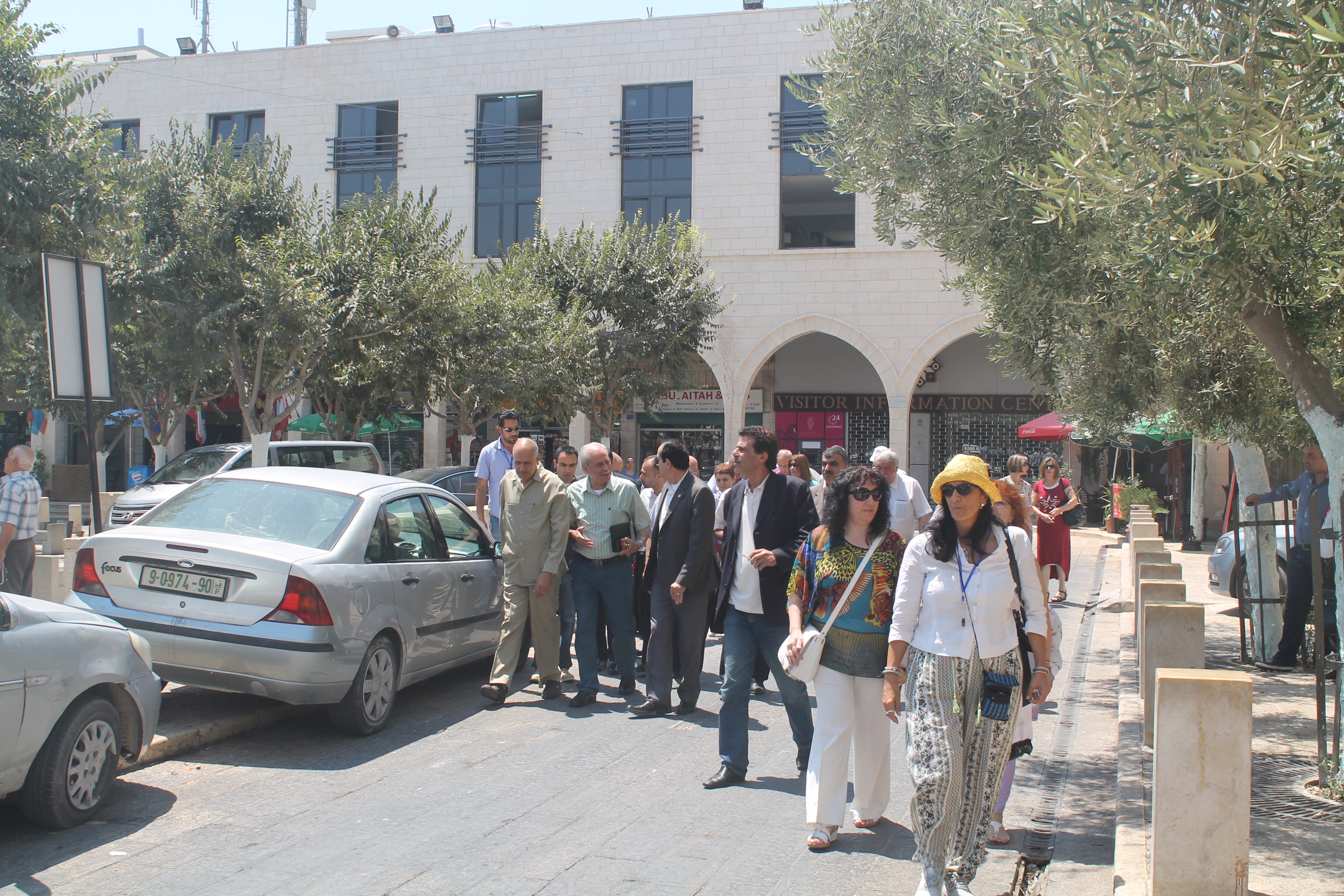 رئيسة بلدية بيت لحم تستقبل وفد الأدباء والشعراء  المشارك في الملتقى الفلسطيني السابع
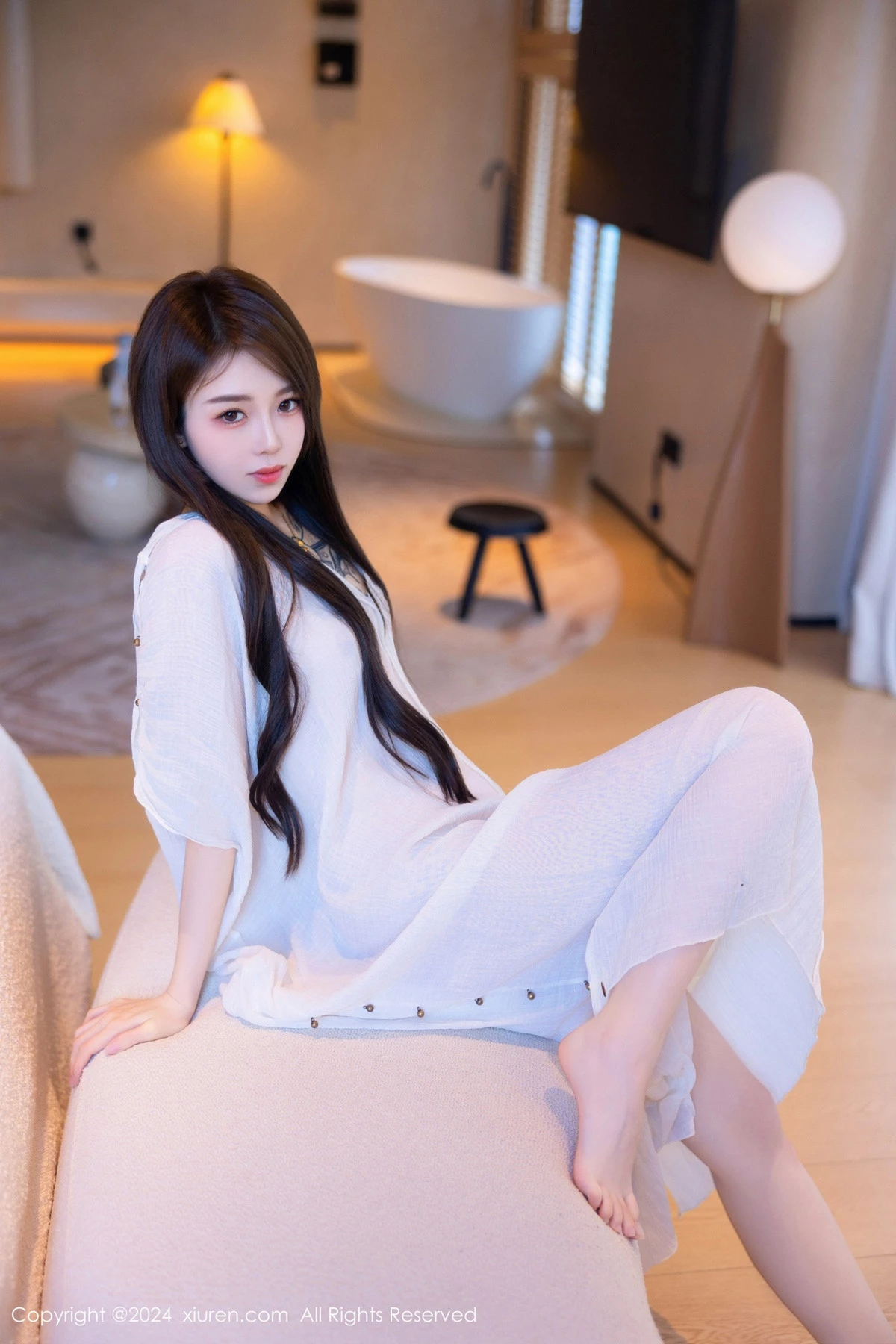 [[XiuRen秀人网]秀人网]No.8842_新人模特夏竹性感浅色连衣裙+白色薄纱服饰秀曼妙身姿诱惑写真83P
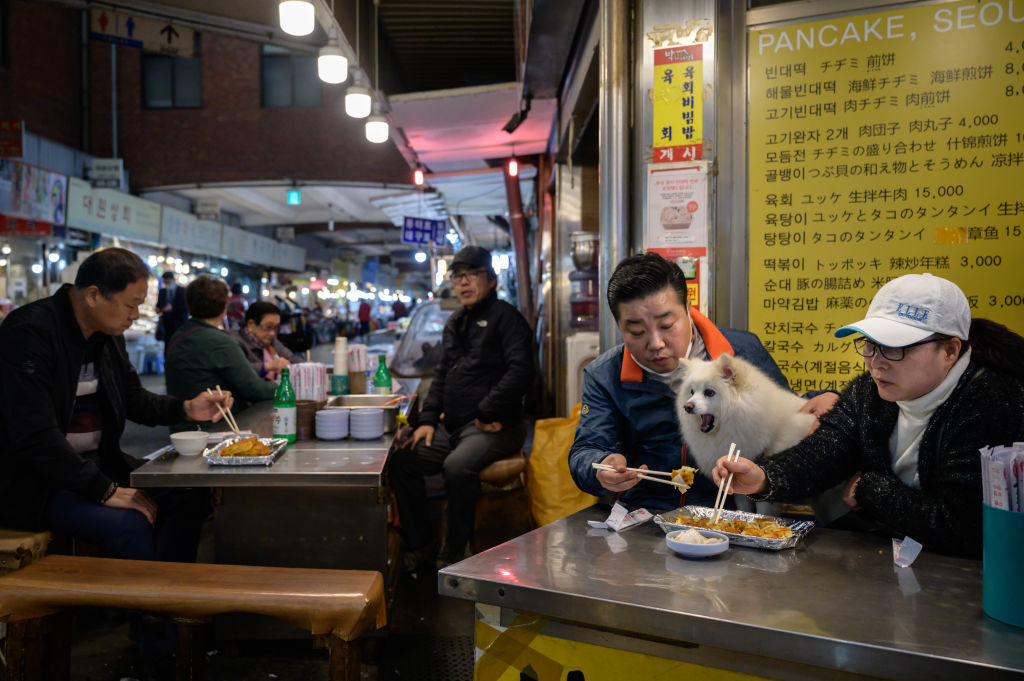 Președintele Coreei de Sud vorbește despre interzicerea consumul de carne de câine. Ce părere au oamenii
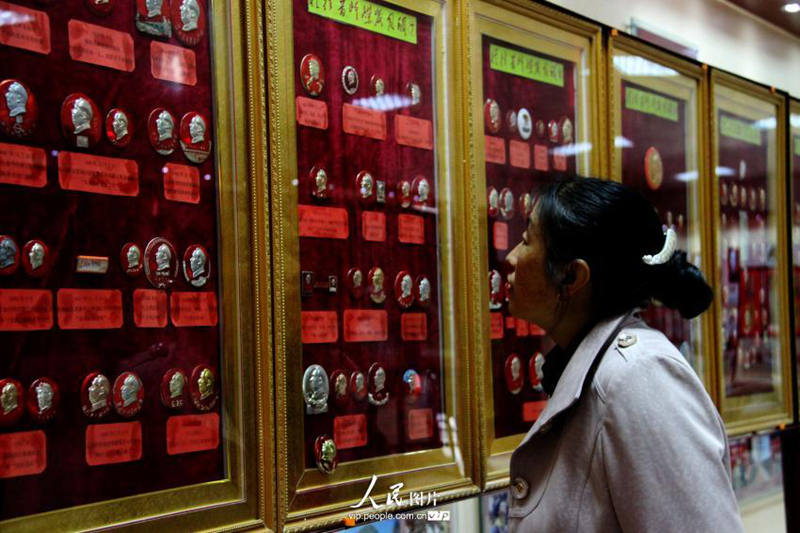 3000枚毛主席像章在甘肃张掖展出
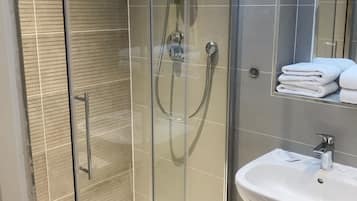 Dreibettzimmer | Badezimmer | Dusche, Haartrockner, Handtücher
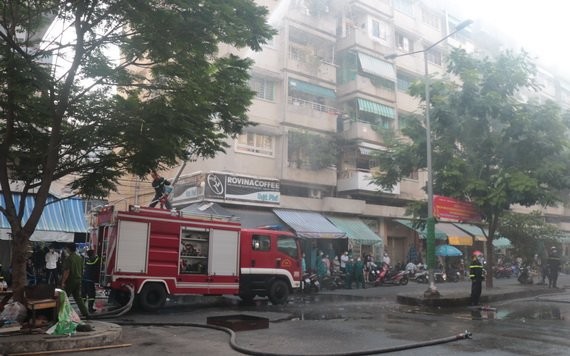  消防演習現場。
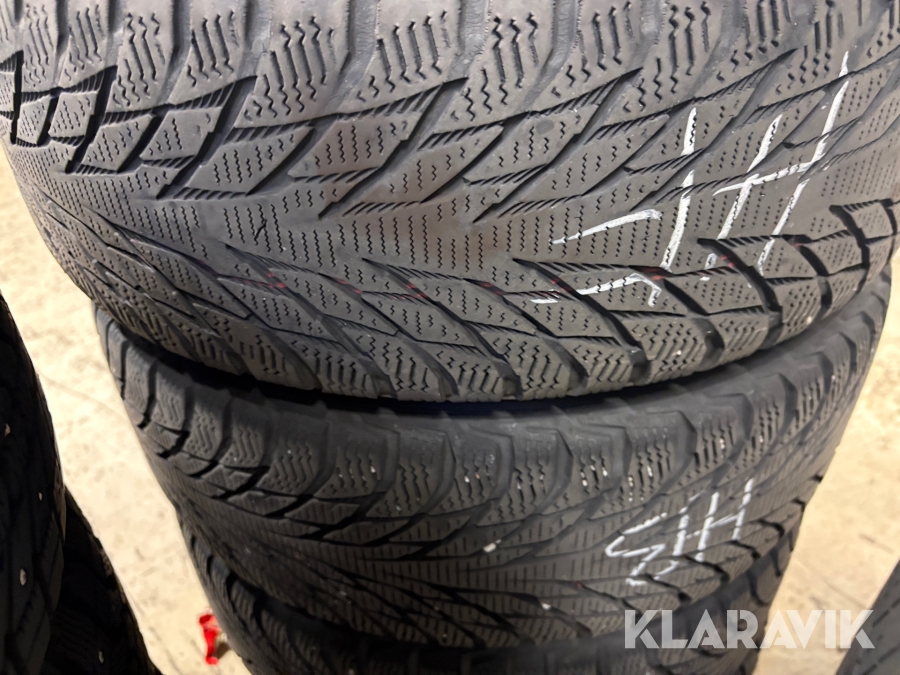 Blandat parti med däck 11 uppsättningar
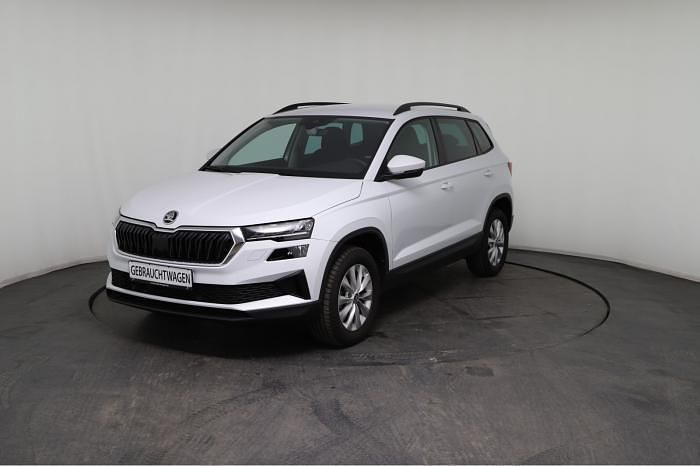 Gebraucht Skoda Karoq Selection 150 PS (110 kW) 2025 Weiß, moonweiss metallic (2y) SUV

==*==

## ACTION ITEM
Restate word for word the lines from the line with "Dreibettzimmer | Badezimmer" to the last line of the records above, inclusive, and omit every picture.

## OUTPUT FOR THIS TASK
 Dreibettzimmer | Badezimmer | Dusche, Haartrockner, Handtücher
  消防演習現場。
 Blandat parti med däck 11 uppsättningar
 Gebraucht Skoda Karoq Selection 150 PS (110 kW) 2025 Weiß, moonweiss metallic (2y) SUV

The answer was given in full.